Sakala leads northeast into Sibulaküla (Onion Village), named after the Russian civil servants who received plots of land here in the 18th century and grew these all-important vegetables here. Islandi Square here is named in honour of Iceland, the first country to recognize Estonia’s renewed independence in 1991.

Pank Muuseum (Estonian Bank Museum)

Estonia puiestee 11, T 668 0760. Wed-Fri 1200-1700. Free.

Housed in the neogothic Bank Building (1902-04), topped with a lion-shaped weather vane and mosaics of Tallinn’s spires on its red-brick façade, this museum is devoted to the various currencies that have been in use in Estonia from Tsarist days to the euro age. The wax figures of those who have appeared on Estonian banknotes are eerily life-like, enough to deceive you into thinking that you are not, as in so many museums in Tallinn, the only visitor.

Estonia Theatre and Estonia Concert Hall

Estonia puiestee 4, T 626 0260. Box office 1200-1900.

These twin cream-and-yellow neoclassical buildings, with pagoda-style green-tiled roofs and decorative urns were erected, despite protests from the Tsarist authorities, with money donated by Estonians, for whom the creation of a national theatre was an enormous boost. An impoverished poet, Juhan Liiv, famously donated his sole possession, the coat from his back, which he reverently laid on the ground outside. The theatre was built on a marketplace where, in 1905, scores of Estonian demonstrators were massacred by Tsarist troops.

On nearby Georg Otsa Street there is a monument to the Tallinn teachers and students who lost their lives during the Estonian War of Independence.
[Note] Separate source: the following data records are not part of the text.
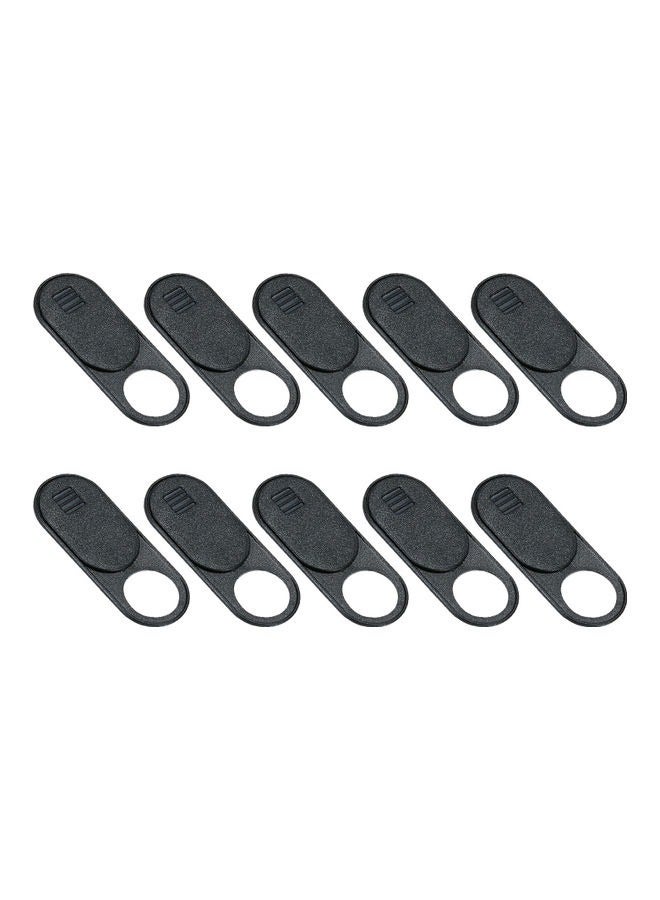 Generic 10-Piece Replacement Ultra Thin Camera Cover Privacy Protector Webcam Slide Blocker For Tesla Model 3  - Image 1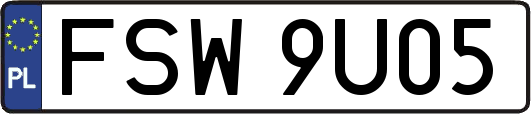 FSW9U05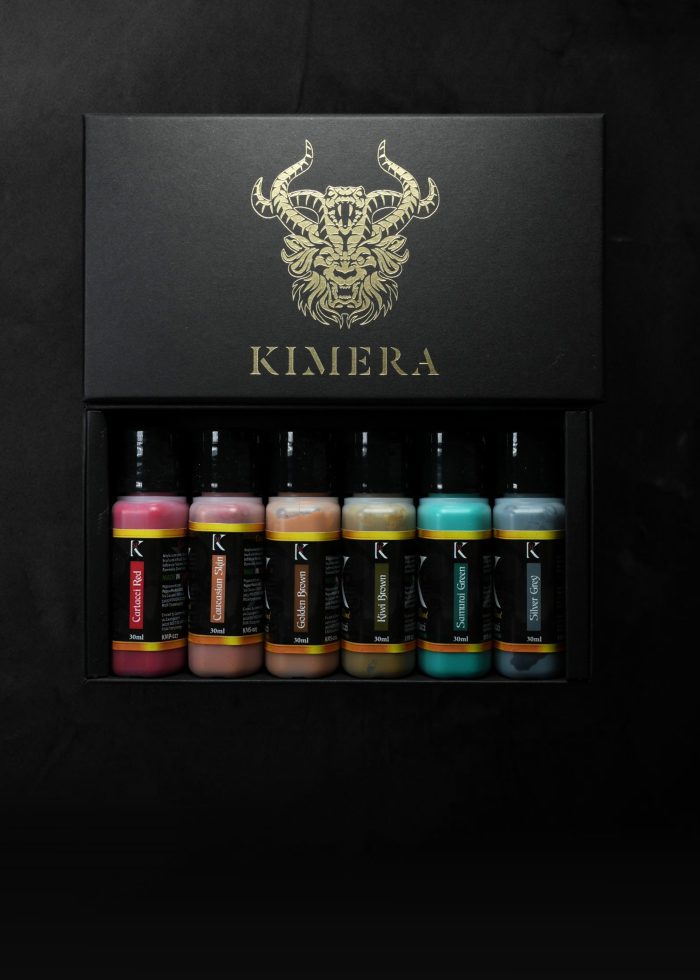 Kimera Kolors – Danilo Cartacci – Never Without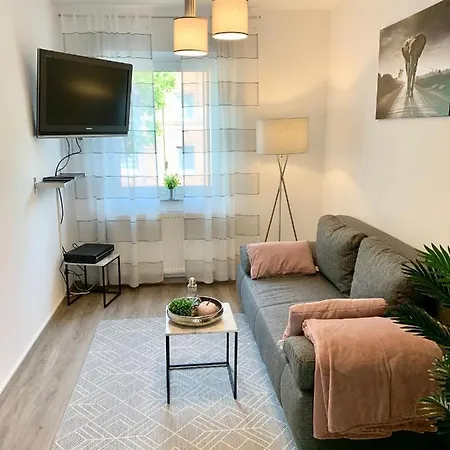 Ferienwohnung Anton Apartamento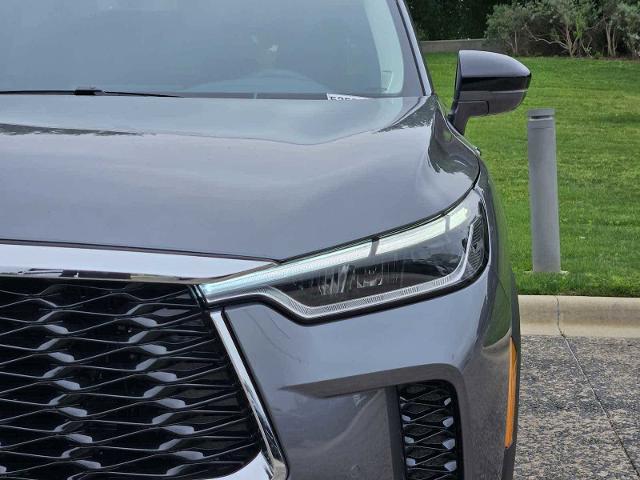 2025 INFINITI QX60 Vehicle Photo in Fort Worth, TX 76132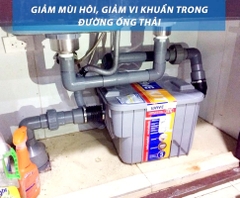 Phân biệt bể tách mỡ Thái Lan - Bể tách mỡ Việt Nam, cách lắp đặt và hiệu quả sử dụng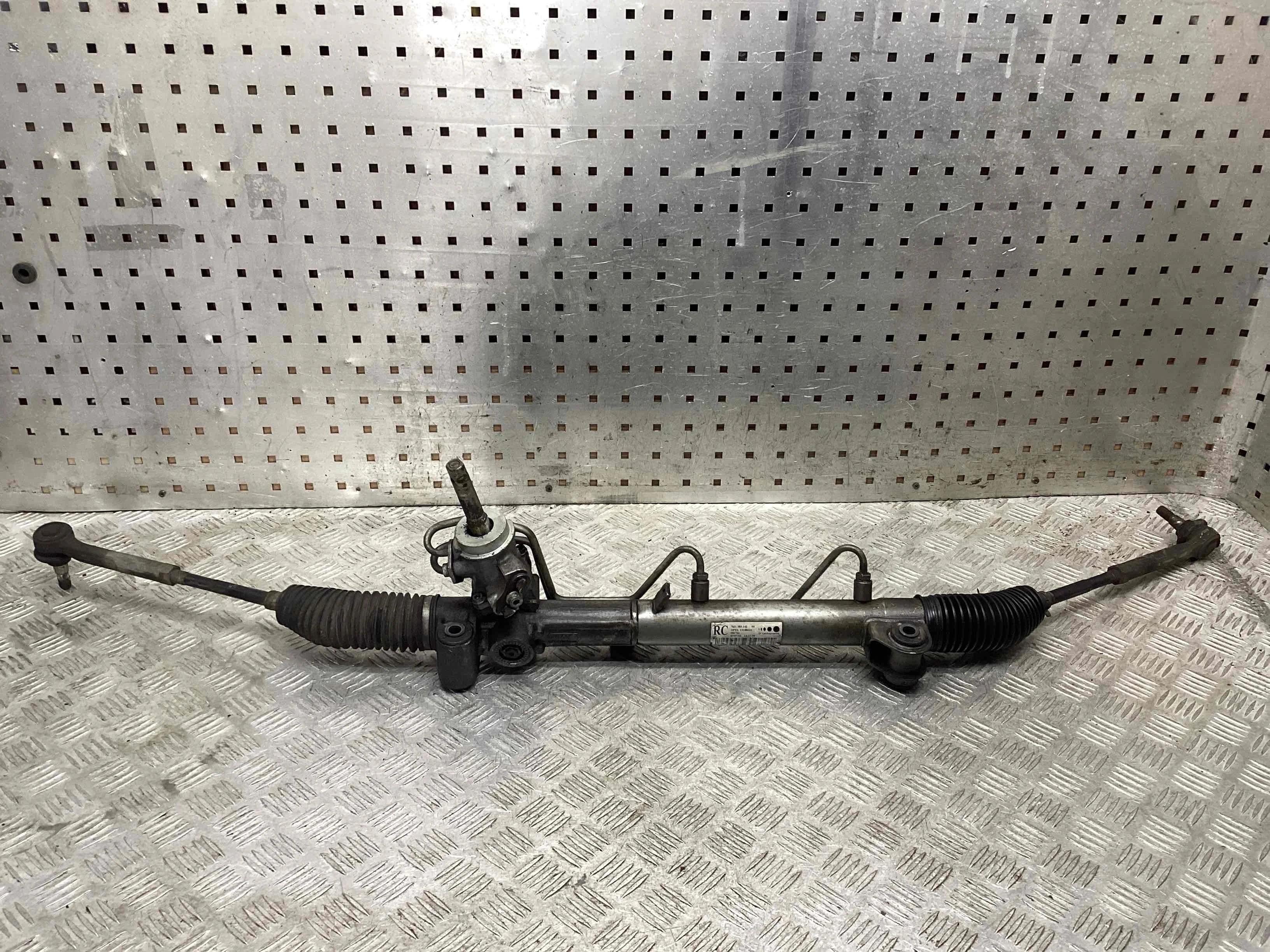 Рулевая рейка Opel Zafira Zafira B 2005-2008 2006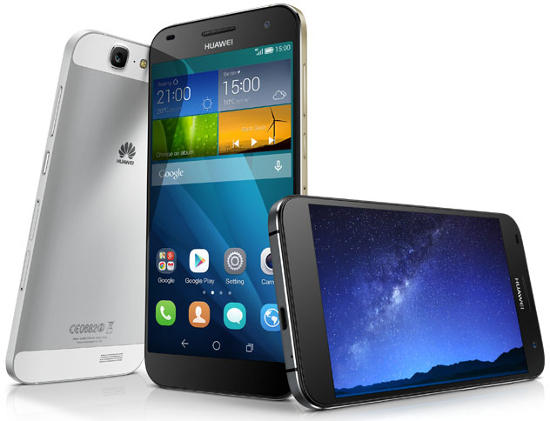 Фотография: Компания Huawei представила несколько новинок смартфонов №4 - BigPicture.ru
Destroyed by the Soviets in 1940 (students and teachers who protested were arrested, and some were never seen again), it was replaced in 1993.

Estonian Drama Theatre

Pärnu maantee 5, T 644 3976, http://www.dramateater.ee. Closed in August.
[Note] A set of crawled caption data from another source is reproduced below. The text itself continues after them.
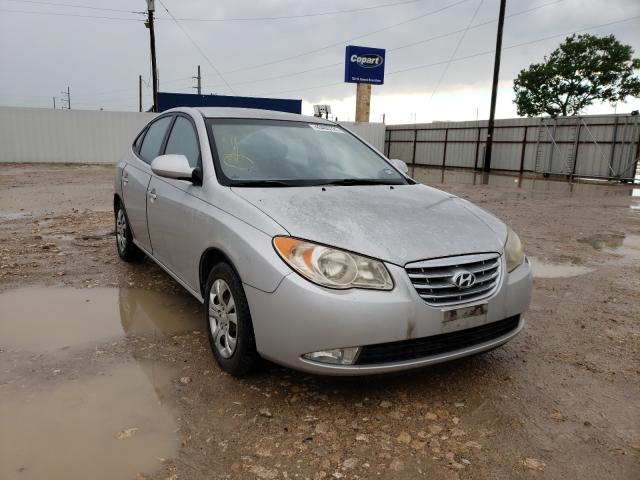 Hyundai Elantra bl (2010)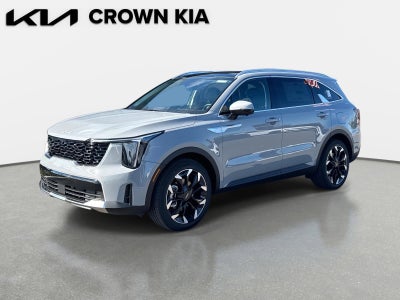 2026 Kia Sorento SX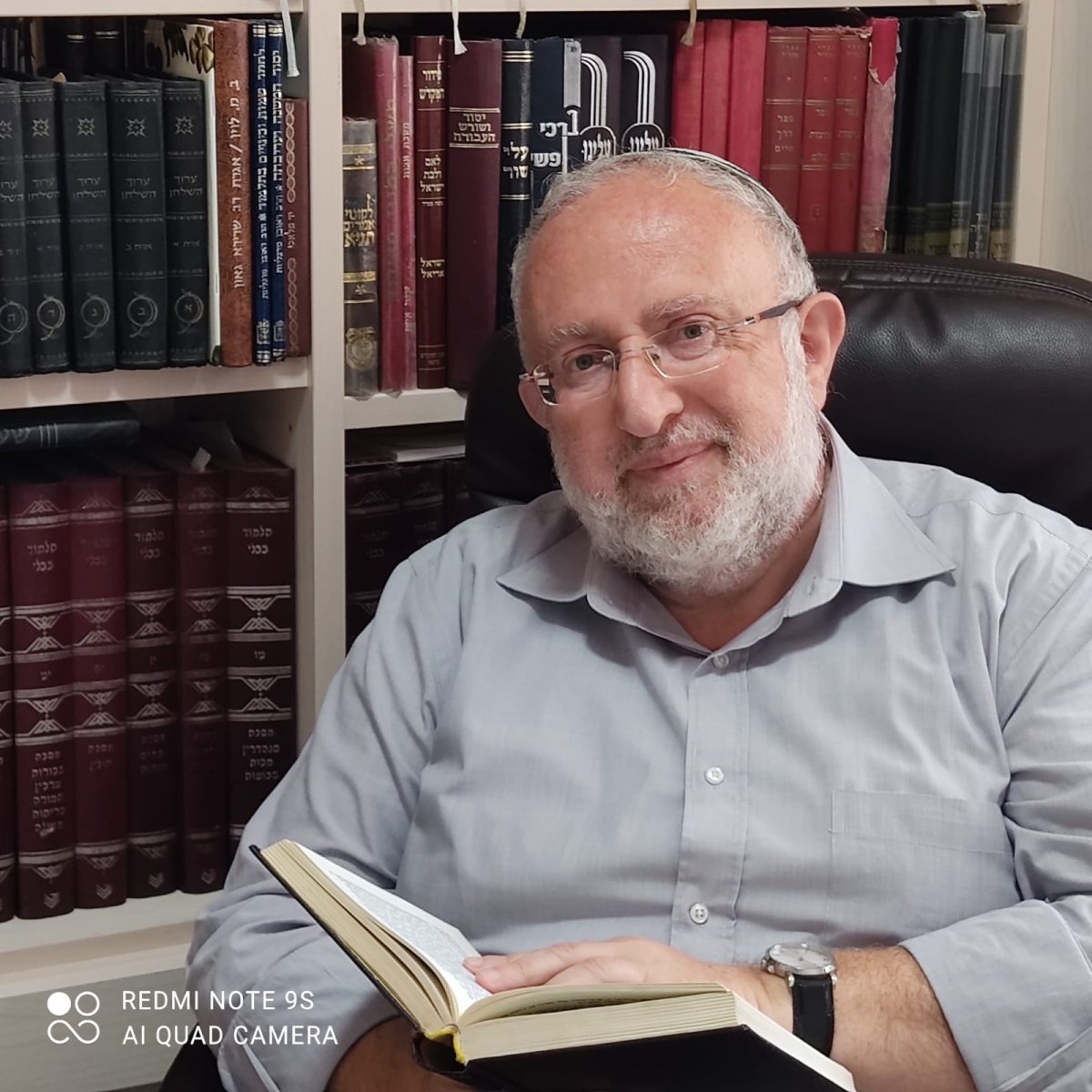 עמנואל שיבר-מאלבום משפחתי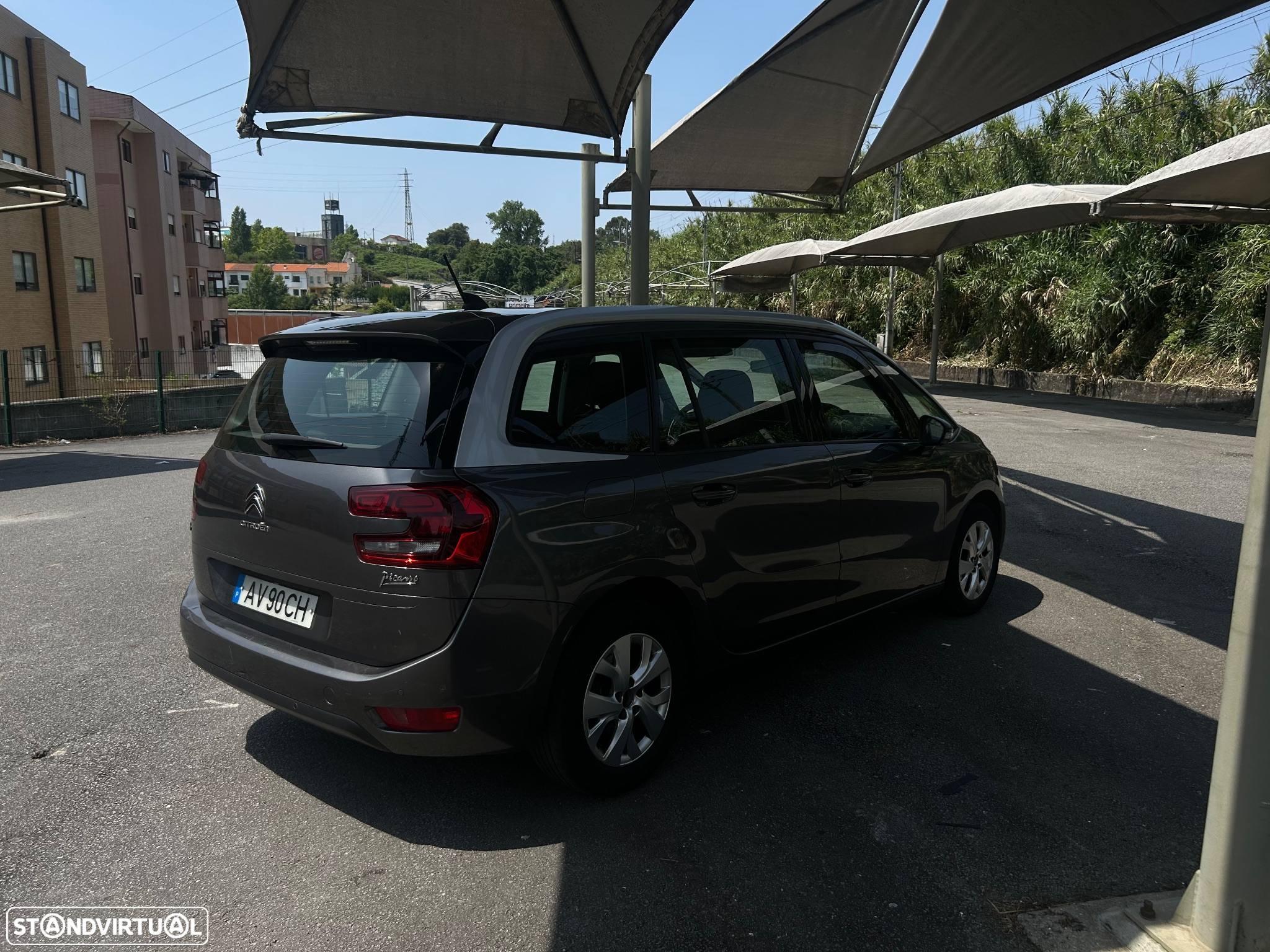 Citroën C4 Grand Picasso 1.6 BlueHDi Feel - 6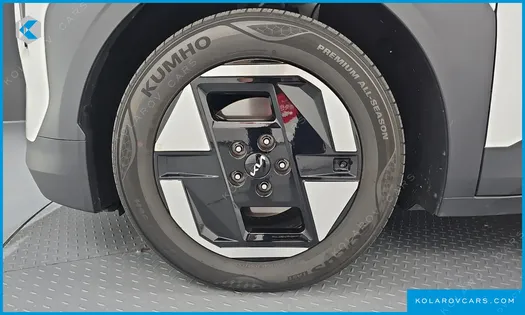 KIA EV3 LONG RANGE 2WD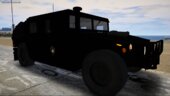 Custom Humvee - SAJ 2.0 [Replace]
Originally the German Theatre (1910), this lovely venue with green trimmings and stretched oval windows was built in romantic Jugendstil style. Across the way at Pärnu maantee 10 stands a vast bank and apartment building with staggeringly steep entrance steps which was designed by the Finnish architect Eliel Saarinen.

Tatari

Head southwest to nearby Tatari, a neighbourhood named after Russian troops who were based here in the 16th century during the Livonian War. Amid the steel and glass that characterizes much of the Kesklinn, the somewhat dilapidated 19th-century wooden houses between Tatari and Süda streets, with peaceful courtyards and gardens, come as something of a relief.
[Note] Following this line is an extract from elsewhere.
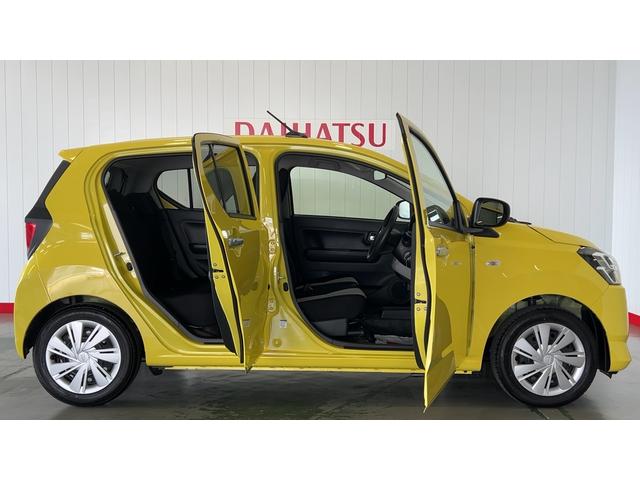 ミライースＸ　ＳＡIIIダイハツ認定中古車ｌＬＥＤヘッドライトｌキーレスエントリーｌＡＢＳｌエアバッグｌコーナーセンサーｌエアコンｌスマートアシストｌ保証／整備付（茨城県）の中古車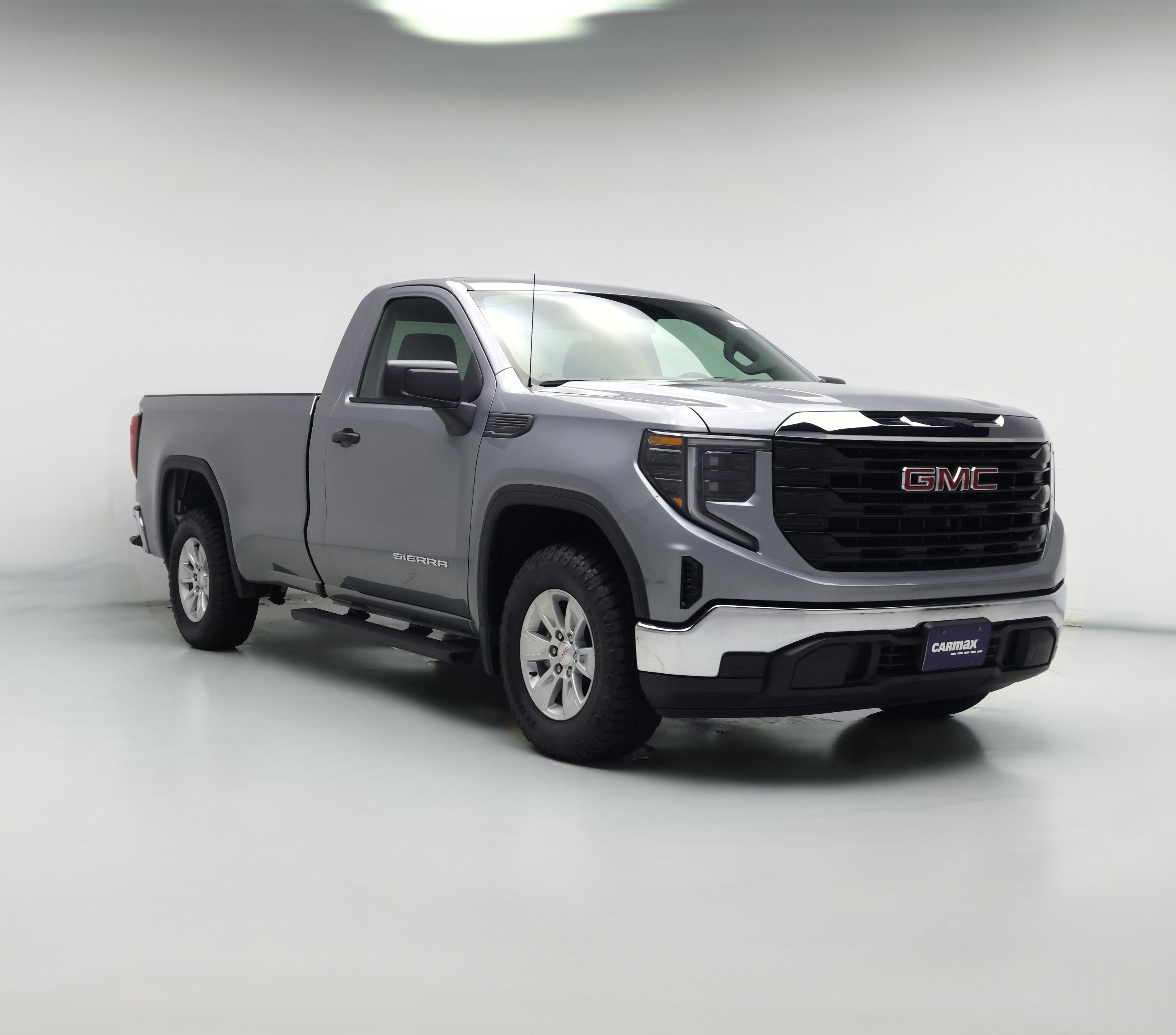 Thumbnail: 2023 GMC Sierra 1500 - 1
It’s a good 10-minute walk down to Liivalaia, where the most interesting sights are at its eastern end near Tartu maantee. Stockmann department store has a lumpen exterior but its bright interior is an eloquent symbol of Estonia’s Scandinavian orientation. Although the street was bombed beyond recognition in the 2nd World War, a handful of wooden buildings give a sense of how beautiful it once was: the house with blue turret on the corner of Liivalaia and Lennuki, and, across the street, the small, green onion- domed Church of Our Lady of Kazan (Liivalaia 38, T 660 7990. 0900-1400), the oldest preserved wooden church in Tallinn, built in 1721.

At the corner of Liivalaia and Tartu maantee stands Stalin’s Palace (Tartu maantee 24, built 1954), a pompous and unmistakably Stalinist “wedding cake”, its church-like spire topped with laurel wreath and pointed star.